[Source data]
____________________
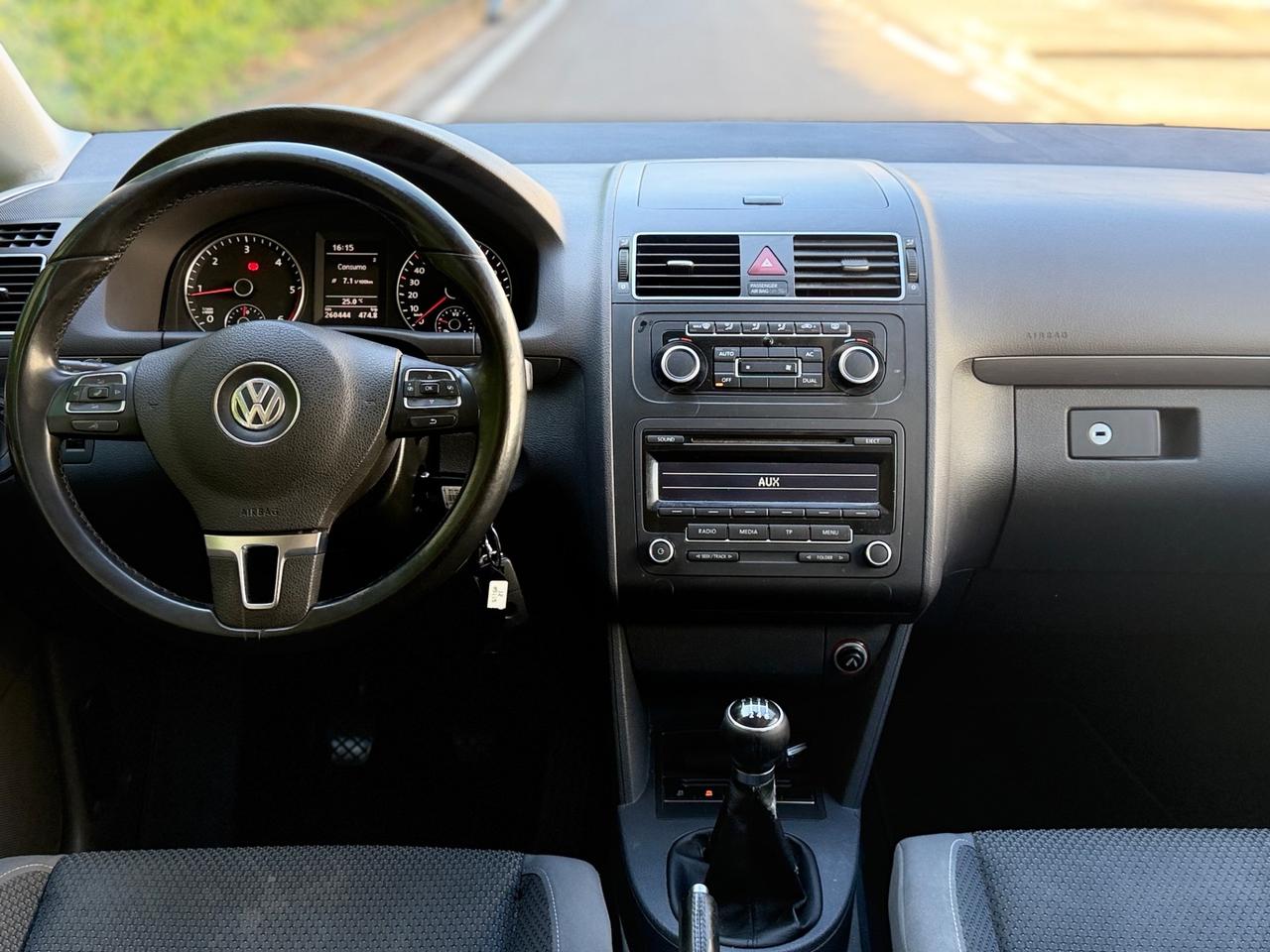 Volkswagen Touran 1.6 TDI 105cv 7 POSTI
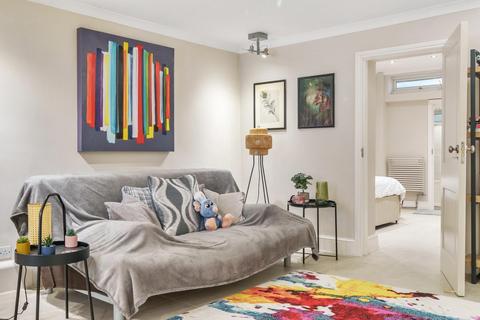 21a Devonshire Road, Chiswick, London, W4 2EX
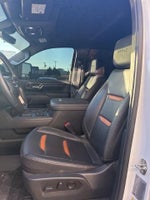 2024 Sierra 2500HD Thumbnail 2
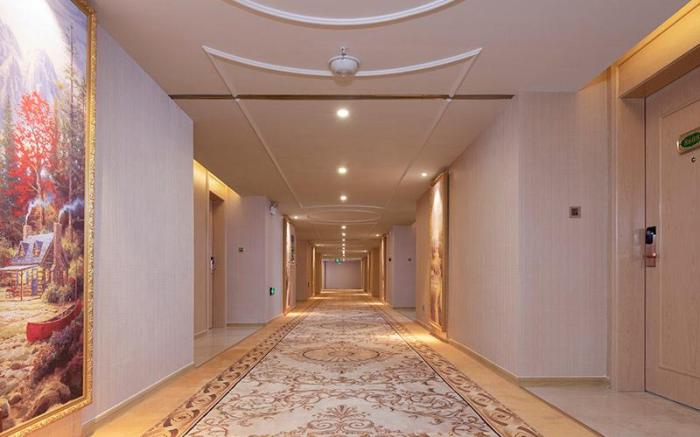 Vienna Hotel Anhui Taihe Baitai Xingma International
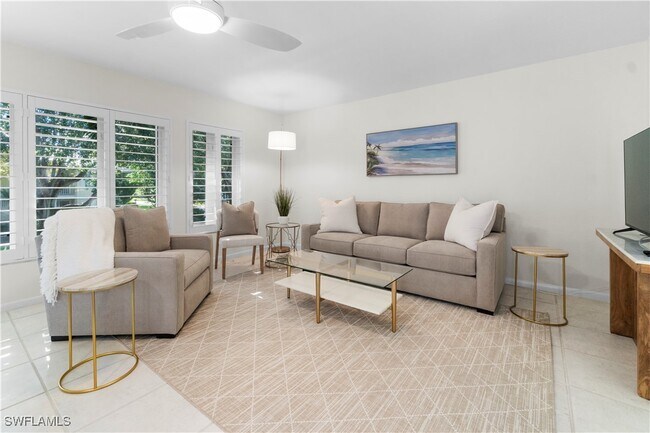 Photo - 290 4th St S Unidad 202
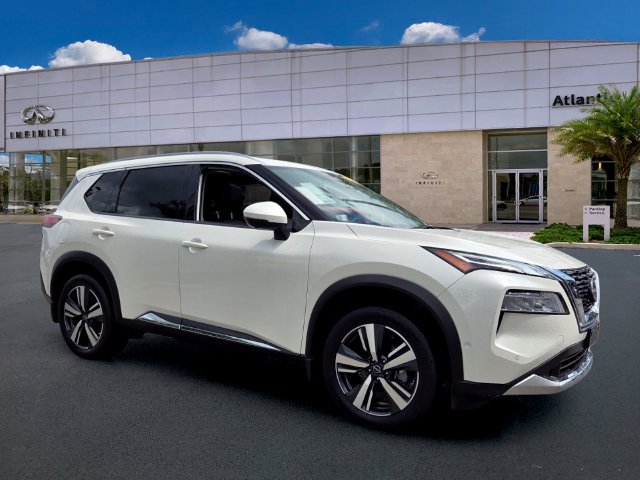 Used 2023 Nissan Rogue Platinum w/ Platinum Premium Package FWD image 2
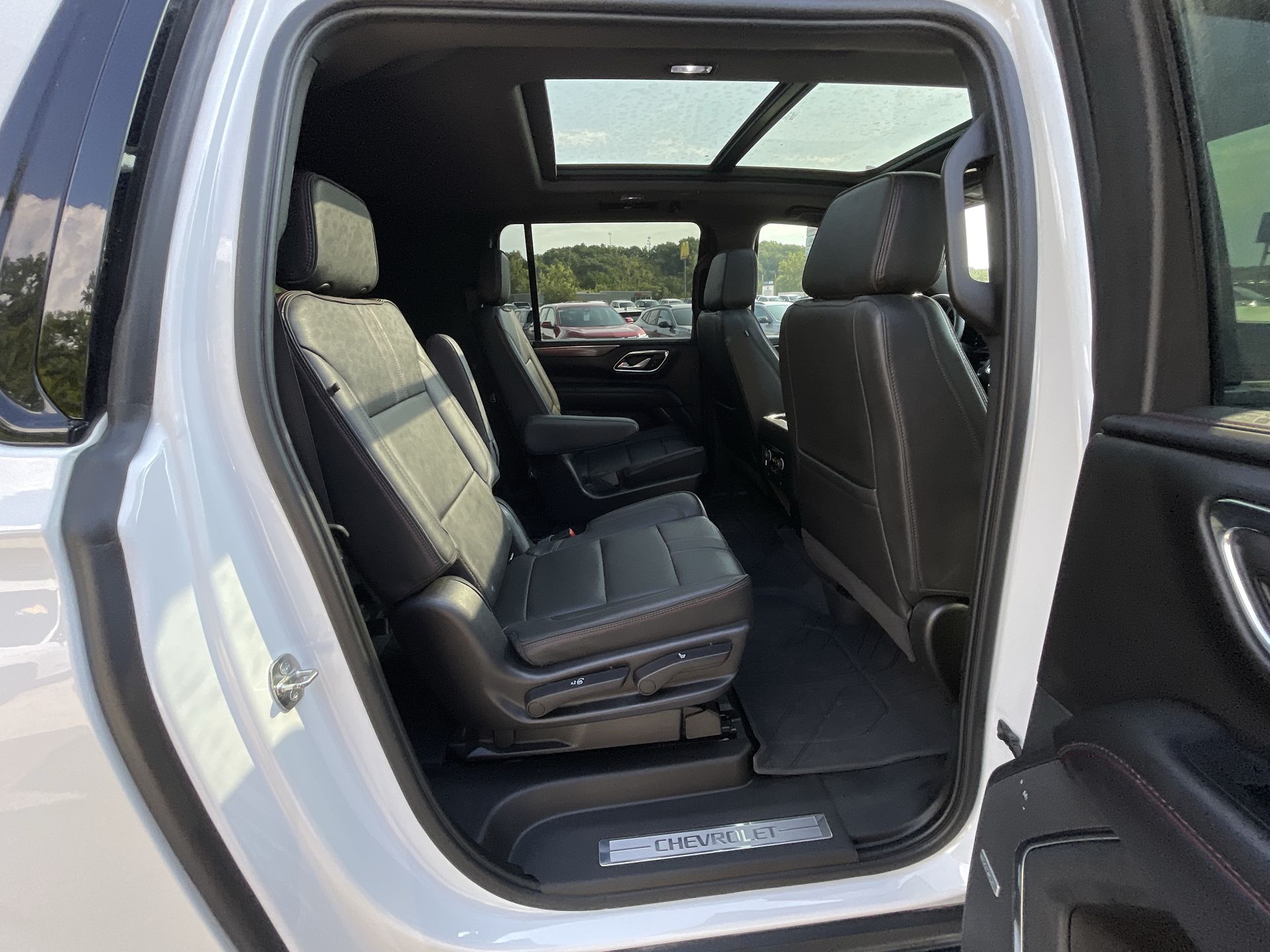 2022 Chevrolet Suburban RST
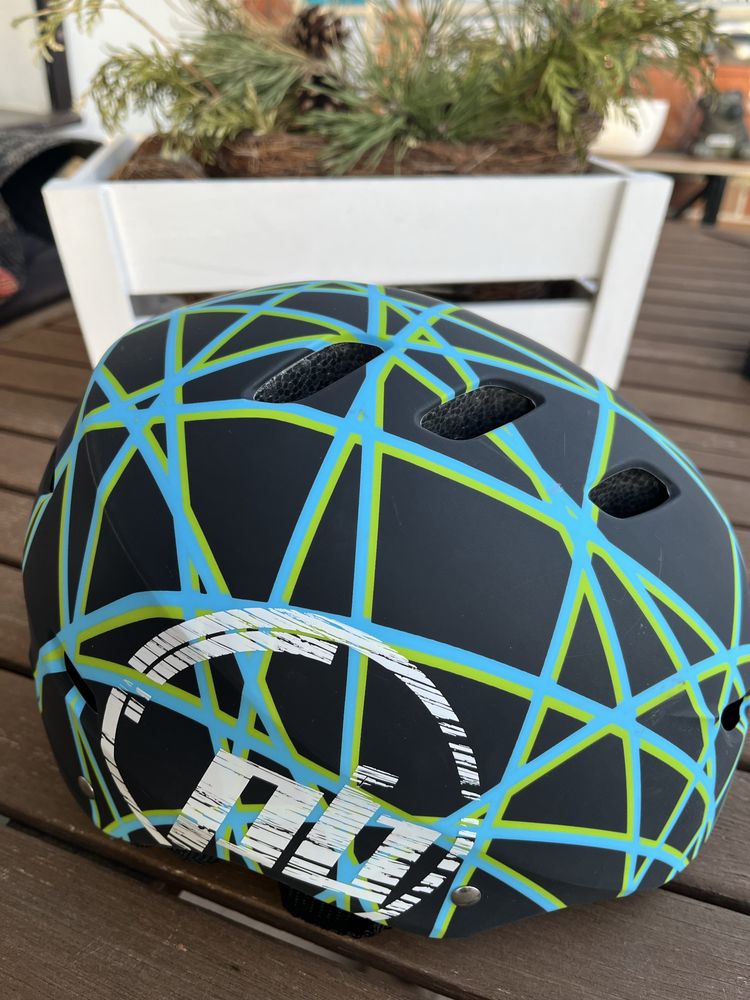 Kask dla dzieci 52-54 cm.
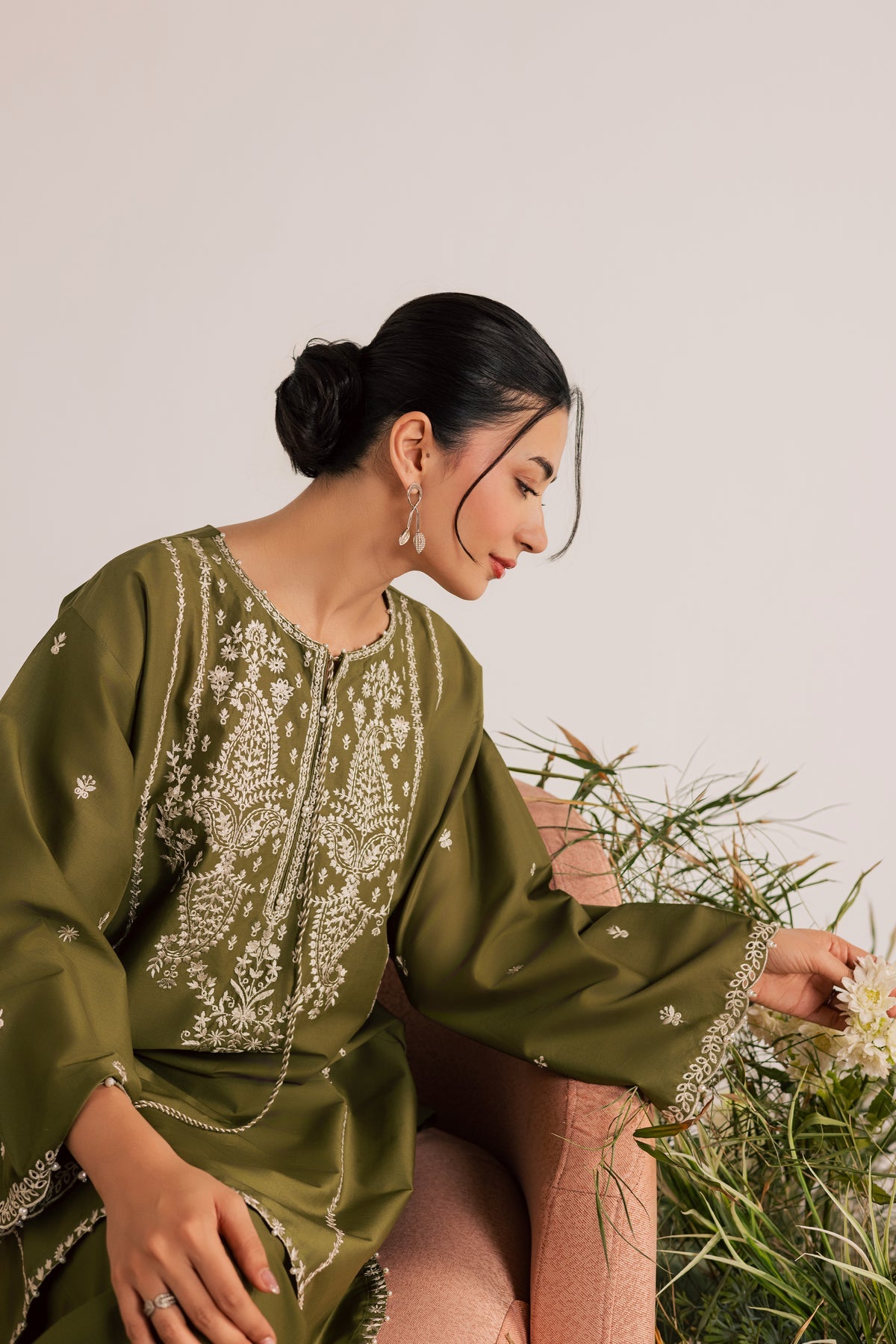 BATIK-2PIECE LAWN EMBROIDERED SHIRT WITH LAWN EMB TROUSER-BIC-264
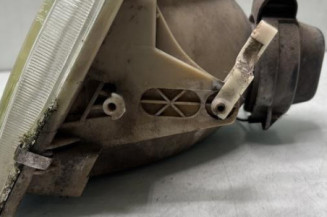 Optique avant principal gauche (feux)(phare) PEUGEOT 205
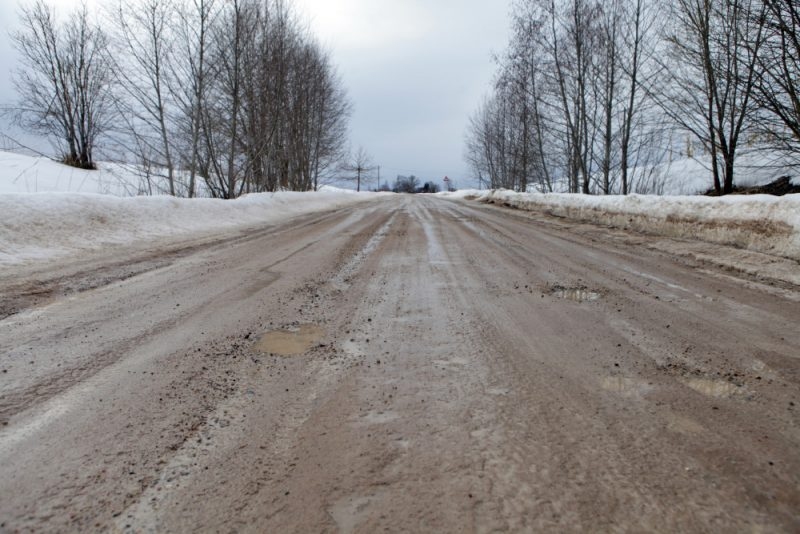 Mūspusē uz grants autoceļiem sāk veidoties šķīdonis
____________________
▶ Exercise
Please give every line above again word for word, apart from the pictures.

▶ Response to this exercise
 Volkswagen Touran 1.6 TDI 105cv 7 POSTI
 21a Devonshire Road, Chiswick, London, W4 2EX
 2024 Sierra 2500HD Thumbnail 2
 Vienna Hotel Anhui Taihe Baitai Xingma International
 Photo - 290 4th St S Unidad 202
 Used 2023 Nissan Rogue Platinum w/ Platinum Premium Package FWD image 2
 2022 Chevrolet Suburban RST
 Kask dla dzieci 52-54 cm.
 BATIK-2PIECE LAWN EMBROIDERED SHIRT WITH LAWN EMB TROUSER-BIC-264
 Optique avant principal gauche (feux)(phare) PEUGEOT 205
 Mūspusē uz grants autoceļiem sāk veidoties šķīdonis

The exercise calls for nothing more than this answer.